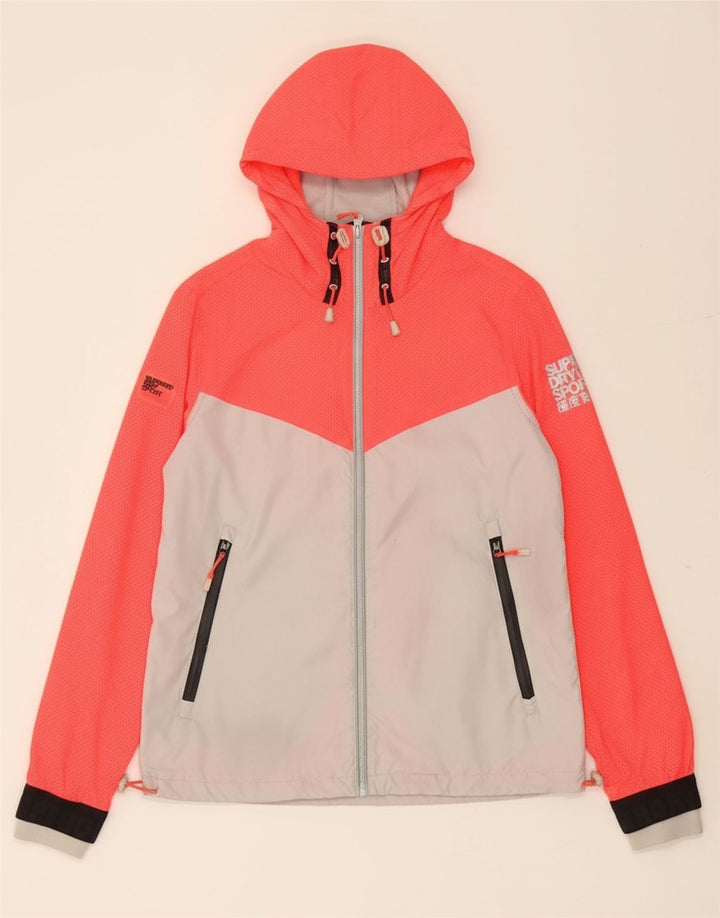 SUPERDRY Womens Graphic Hooded Rain Jacket UK 14 Medium Pink Colourblock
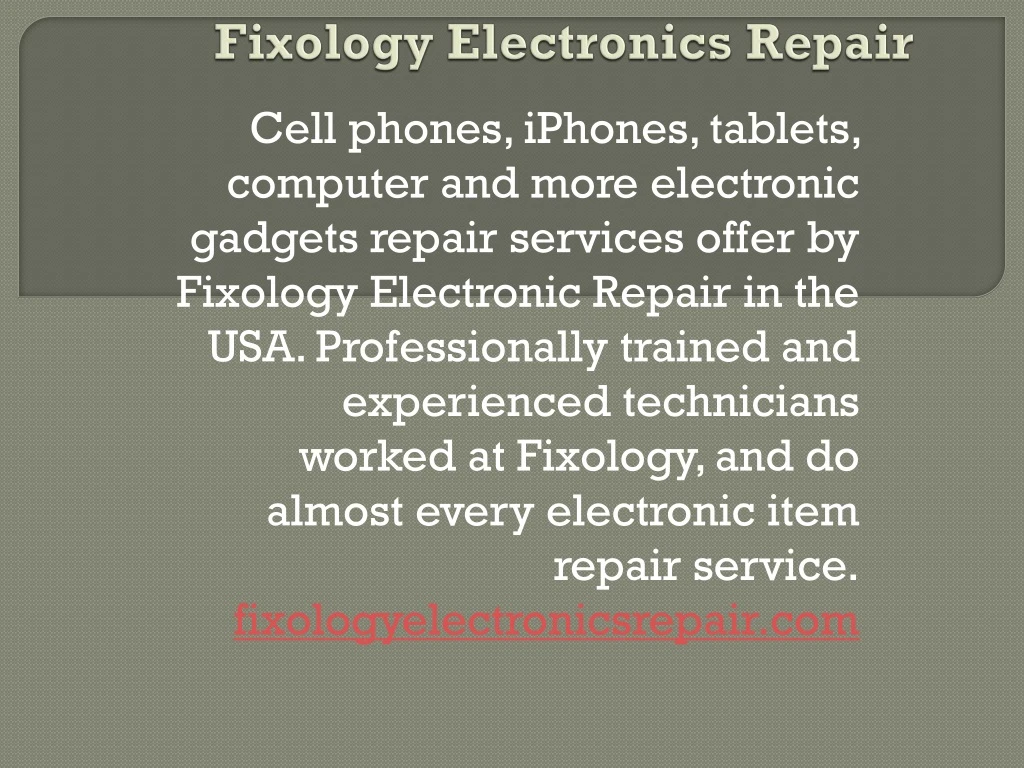 fixology electronics repair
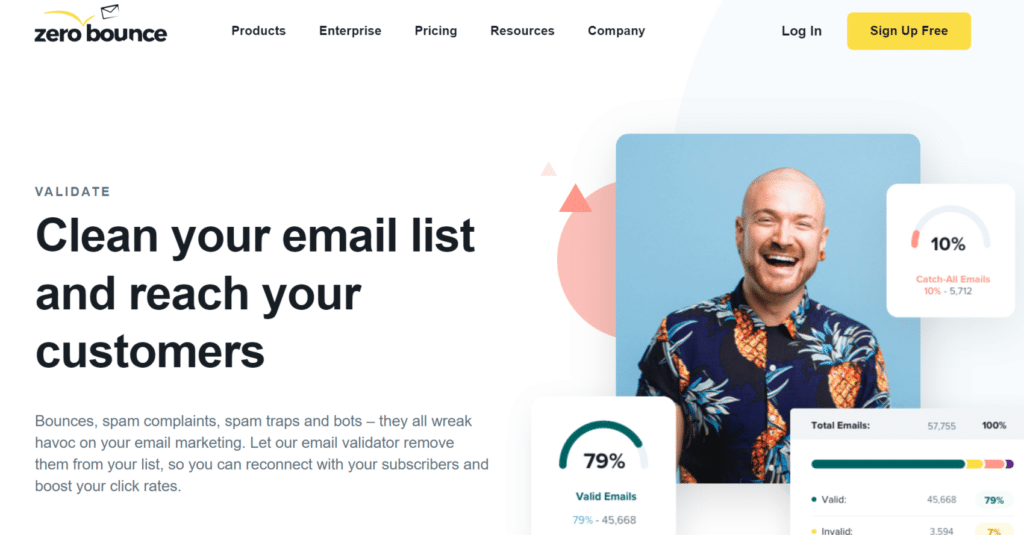 Screenshot of the ZeroBounce email validation landing page. Picture of Caucasian young man smiling and wearing a Hawaiian shirt.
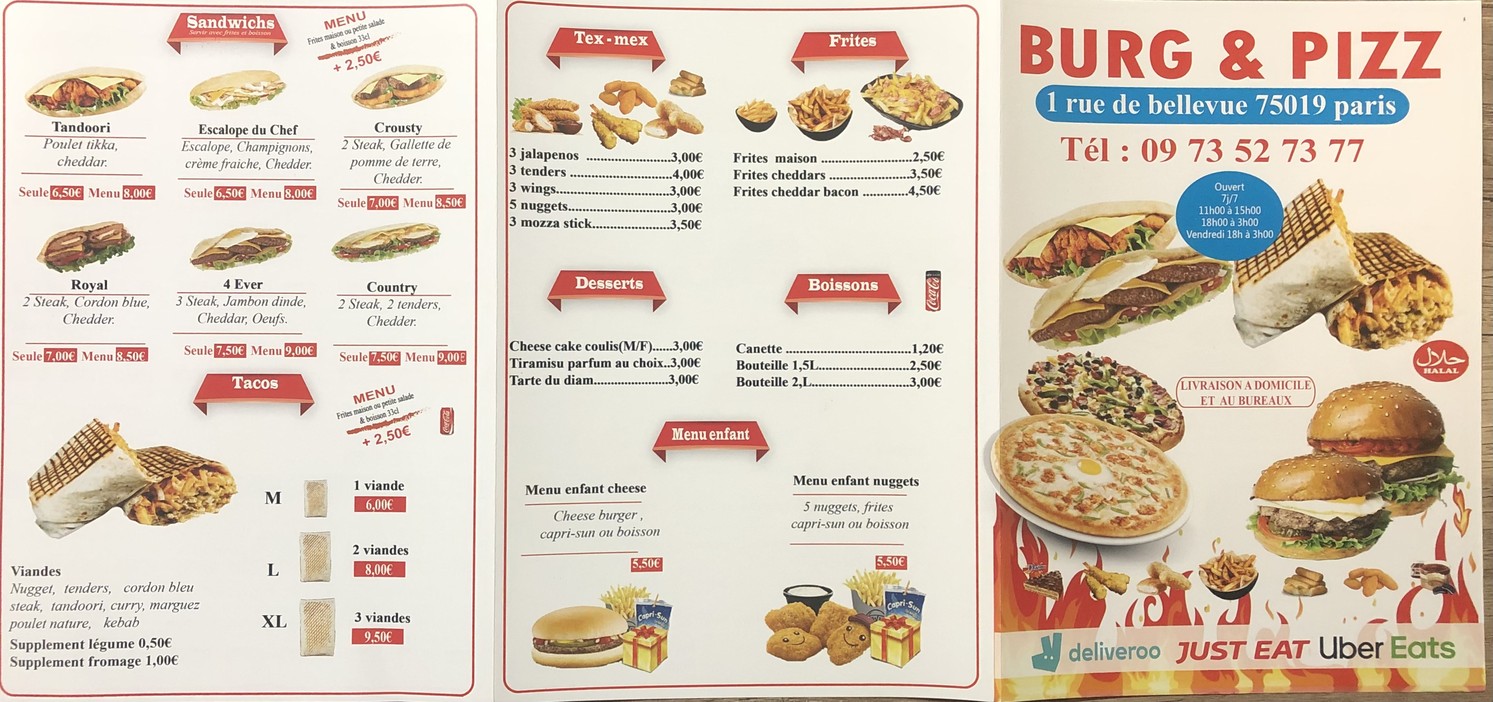 Burg & Pizz menu 3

TASK INSTRUCTIONS: Pictures do not belong in the copy. Repeat exactly each line from the one with "Screenshot of the" through the end of the listing.

YOUR RESPONSE:
 Screenshot of the ZeroBounce email validation landing page. Picture of Caucasian young man smiling and wearing a Hawaiian shirt.
 Burg & Pizz menu 3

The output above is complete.